** Excerpted data follows **

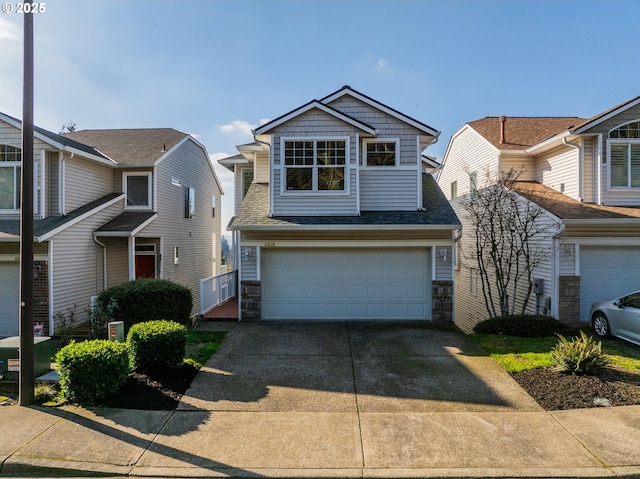 view of front of home with a garage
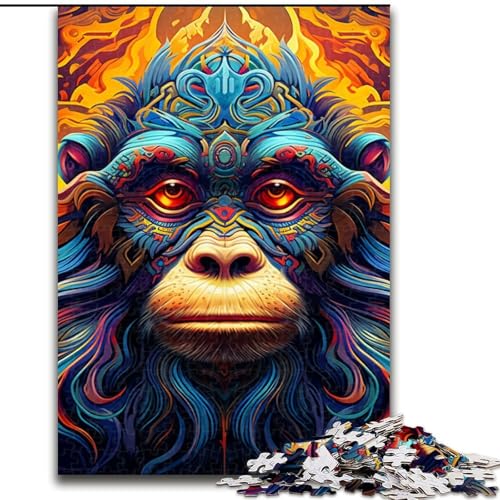 Puzzle 1000 Teile für Erwachsene, Psychedelic Monkey Puzzle, Familie und Freunde, geeignet für Kinder ab 14 Jahren (Größe: 50x75cm) von LGSHENG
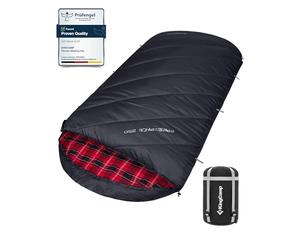 KingCamp Saco de Dormir XXL Franela de Algodón Adulto Negro Clásico
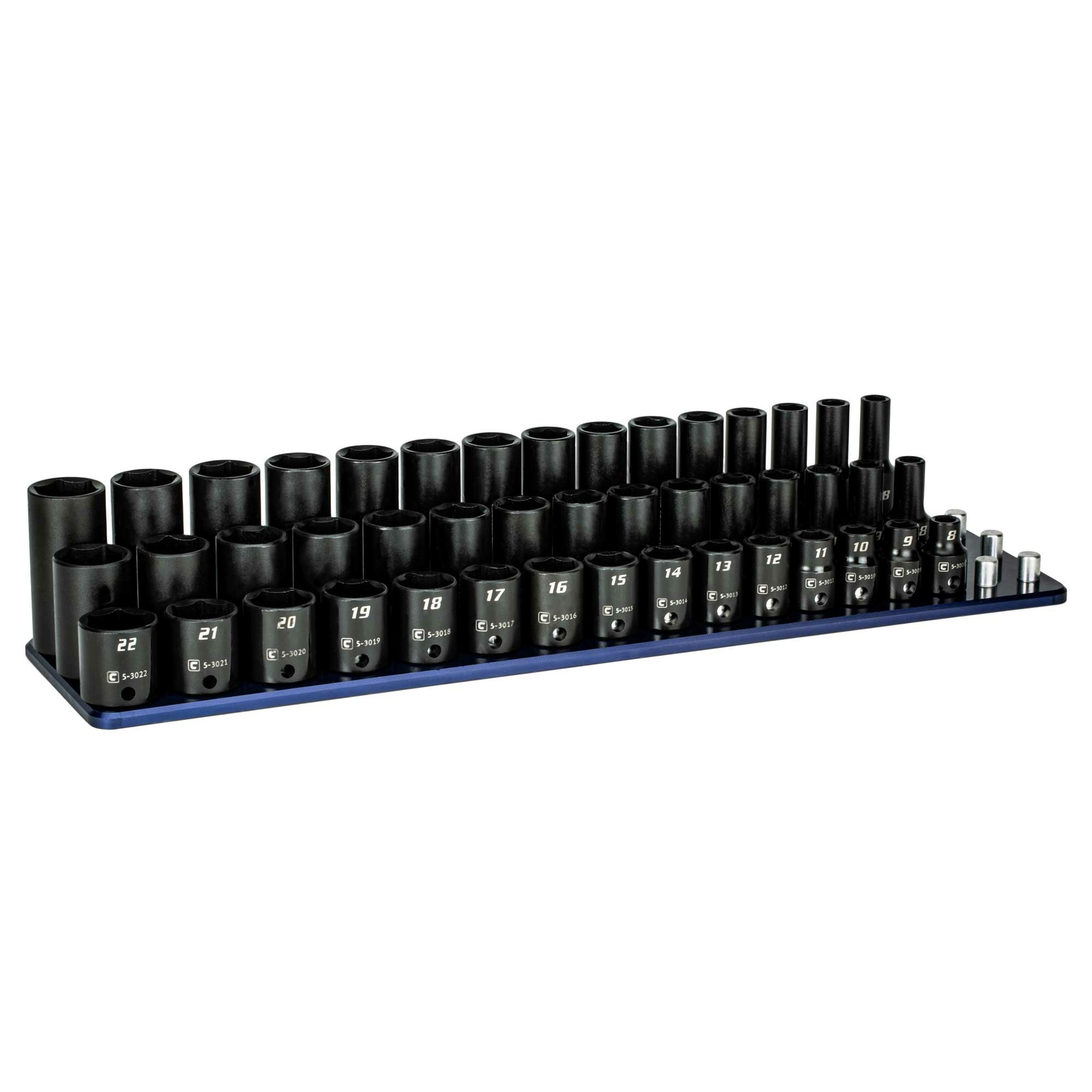 Capri Tools 3/8 in. Dr Shallow/Semi-Deep/Deep Impact Socket Set w/ Rail, Metric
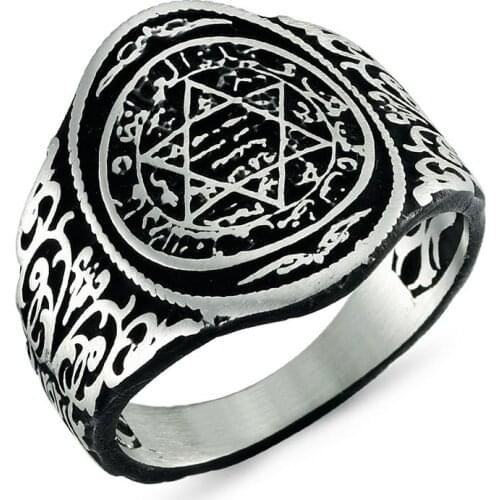 925 Sterling Silver Men Ring Original Hot Selling Rings Antique Pattern Solomons Seal Men Ring Vintage Jewelry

** End of Excerpted data **

**What is required**
With the images removed, reproduce all the material above word for word.

**Problem solution**
 view of front of home with a garage
 Puzzle 1000 Teile für Erwachsene, Psychedelic Monkey Puzzle, Familie und Freunde, geeignet für Kinder ab 14 Jahren (Größe: 50x75cm) von LGSHENG
 KingCamp Saco de Dormir XXL Franela de Algodón Adulto Negro Clásico
 Capri Tools 3/8 in. Dr Shallow/Semi-Deep/Deep Impact Socket Set w/ Rail, Metric
 925 Sterling Silver Men Ring Original Hot Selling Rings Antique Pattern Solomons Seal Men Ring Vintage Jewelry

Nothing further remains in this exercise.